Pffft. Pause. Pffffft. Pause. Pffffffft. Noch eine Pause. Sonntagmorgen, um diese Uhrzeit ist alles noch ruhig im ansonsten so lautstarken Ottensen. Bis auf dieses komische Geräusch, eine Etage unter meinem Balkon.

Das Hör-Rätsel ist schnell gelöst: Es ist der Nachbars-Sohn, der mit dem Tigerenten-Fahrrad. Der kleine Racker steht still begeistert auf dem Küchenbalkon und spritzt hochkonzentriert Wasser aus seiner Spielzeugpistole Richtung Erdgeschoss. Etwas Spannenderes gibt es in diesem Moment nicht für ihn, etwas Wichtigeres auch nicht. Einfach mal beobachten, was passiert, wenn so gut wie nichts passiert - außer eben: "Pffft". Umso befriedigender ist diese Angelegenheit, weil gerade kein pädagogisch ehrgeiziger Elternteil in Sichtweite ist, der den Dreikäsehoch mit vermeintlich Sinnvollerem, Stillsitzen, Zähneputzen oder ähnlichem, davon abhalten könnte.

Prima Idee, lange nicht mehr gemacht, denke ich mir. Sehr lange nicht mehr etwas gemacht, was dem ziellos daherstreunenden, seelebaumelnden Nichtstun so nahekommt und trotzdem ein gediegenes Philosophie-Aroma verströmt. Dass das Leben immer in Bewegung ist, hat ja schon der griechische Vordenker Heraklit beobachtet. Sein Kollege Platon hat das später für ihn mit der Erkenntnis "Alles fließt" griffig auf den Punkt gebracht.

Benjamin von nebenan weiß das natürlich noch nicht. Aber er ahnt schon was, scheint es mir.

Und wo wir gerade bei schlauen Zitaten sind: Der Autor Noël Coward meinte, Nichtstun mache nur dann Spaß, wenn man eigentlich viel zu tun hätte. So gesehen müsste mir das mit dem Wasser vom Balkon eine stattliche Menge Vergnügen bereiten.

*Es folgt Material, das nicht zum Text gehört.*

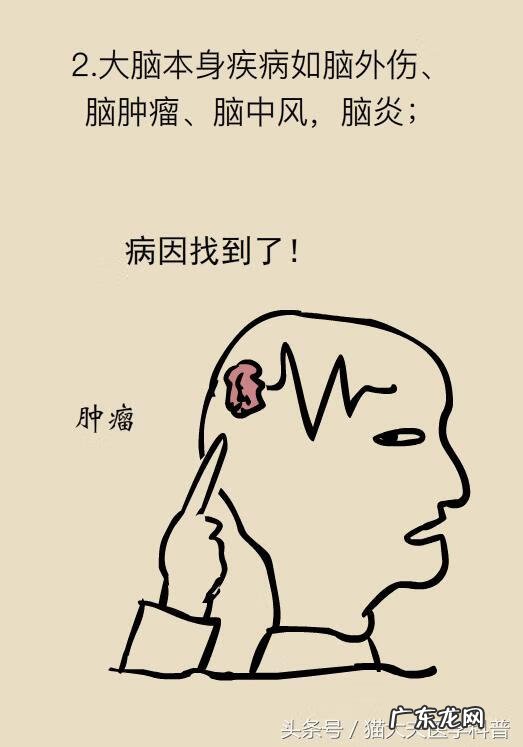 癫疯病是怎么引起 癫痫病是怎么回事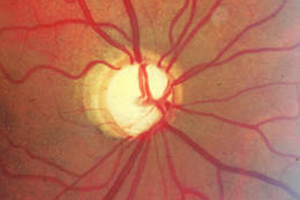Photographie des Sehnervenkopfes – Augenärztliche Gemeinschaftspraxis | Dr. Heuring, Dr. Jung & Kollegen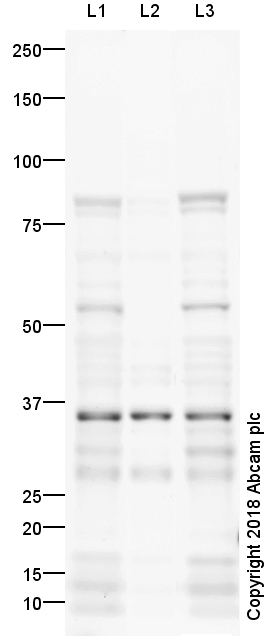 Western blot - Anti-Adipose Triglyceride Lipase (phospho S406) antibody (AB135093)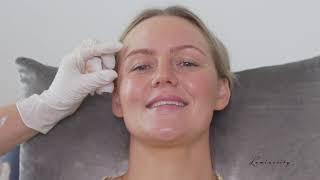 Luminosity Skin Geelong - Cosmetic Injectables Procedure with Caitlyn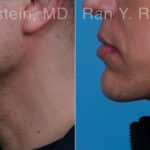 Chin Augmentation Before and After Photos in Newburgh, NY, Patient 23272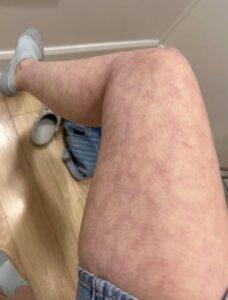 Ето какви са последиците от съня с… Вижте повече 28 565126492 821695453769936 813056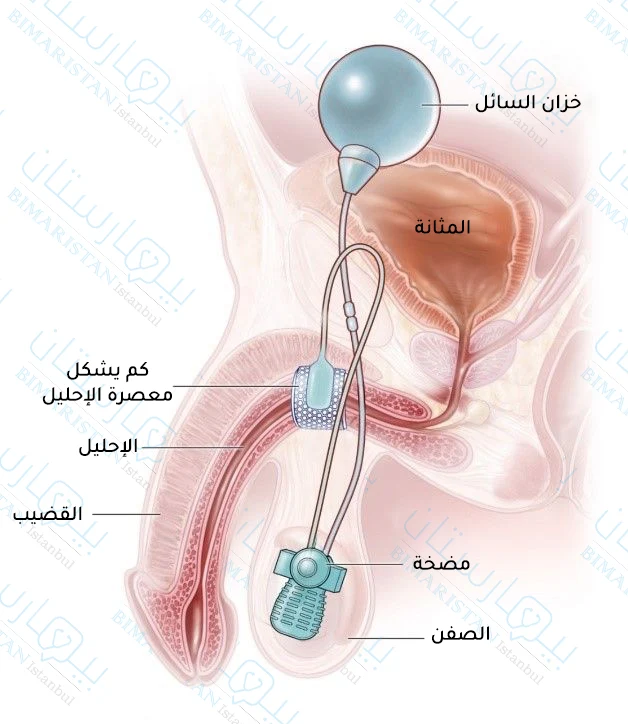 An image showing the surgical treatment of neurogenic bladder through the installation of an artificial urethral sphincter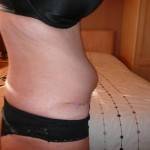 Tummy tuck with liposuction before and after top surgeons photo
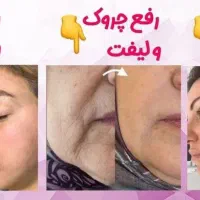 روتین رفع چروک و جوش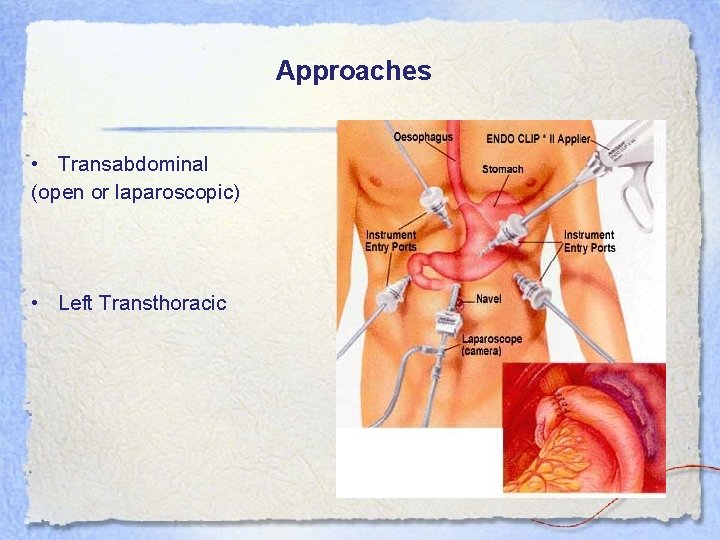 Approaches • Transabdominal (open or laparoscopic) • Left Transthoracic 
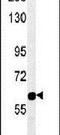 Rap Associating With DIL Domain antibody, PA5-23742, Invitrogen Antibodies, Western Blot image 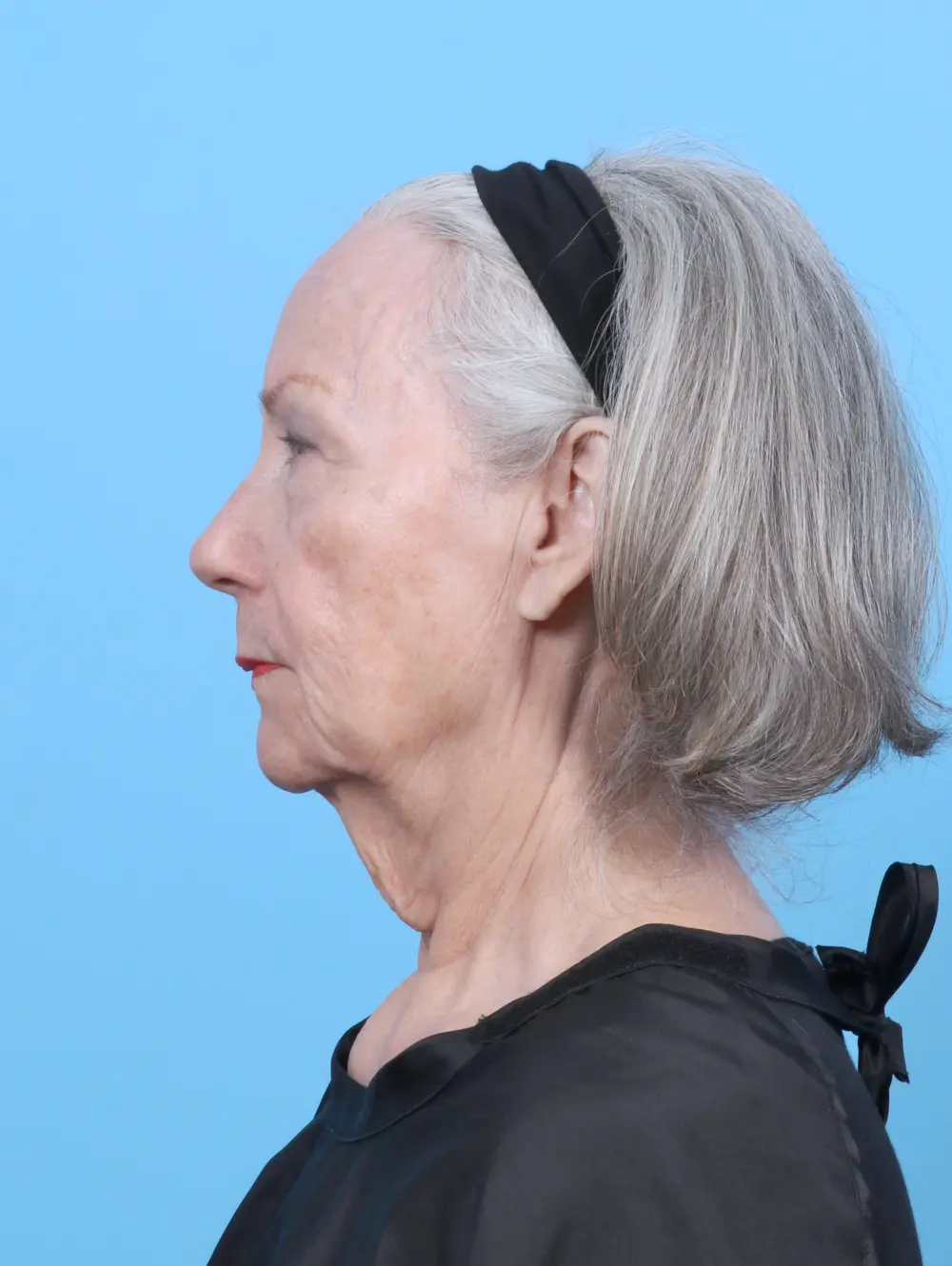 Eyelid Surgery Patient Photo - Case 52676 - before view-2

Ist ja vielleicht auch eine prima Stress-Bekämpfung, wie Yoga ohne schmerzhaften Anfänger-Muskelkater oder Meditation ohne nervtötend bimmelnde Klangschalen. Mehr als einen Balkon und eine Portion Wasser braucht es nicht, um für einige Momente aus dem Erwachsenen-Alltag zu desertieren. Zur Not tut's auch ein Glas, wer hat schon immer Spielzeugpistolen zur Hand.

Dann mal los. Platsch. Pause. Platsch. Pause. Das Glas leert sich eindeutig, mein Kopf aber nur bedingt. Wasser dabei zu beobachten, wie es durch die Luft fliegt, da hält sich die Ekstase in meinem Alter dann doch in Grenzen. Okay, es sieht halbwegs interessant aus, so von oben betrachtet. Wird aber - anders als für Benjamin - leider nicht spannender, je öfter ich es platschen lasse. Auch Rechtsplatsch und Linksplatsch im Wechsel helfen nicht grundlegend weiter. Vor allem aber: Die ganz große Beglückung, das bewusstseinserweiternde Aha-Erlebnis bleibt aus. Mein junger Nachbar, inzwischen schon wieder zum Frühstück in die Küche abkommandiert, hat mich bei diesem Philosophie-Selbstversuch Marke Heraklit ziemlich alt aussehen lassen. Denn wenn zwei das Gleiche machen, ist es noch lange nicht dasselbe. Erst recht nicht, wenn es sich um etwas scheinbar so Simples handelt, wie Wasser beim Fallen zuzusehen und daraus etwas fürs Leben zu lernen.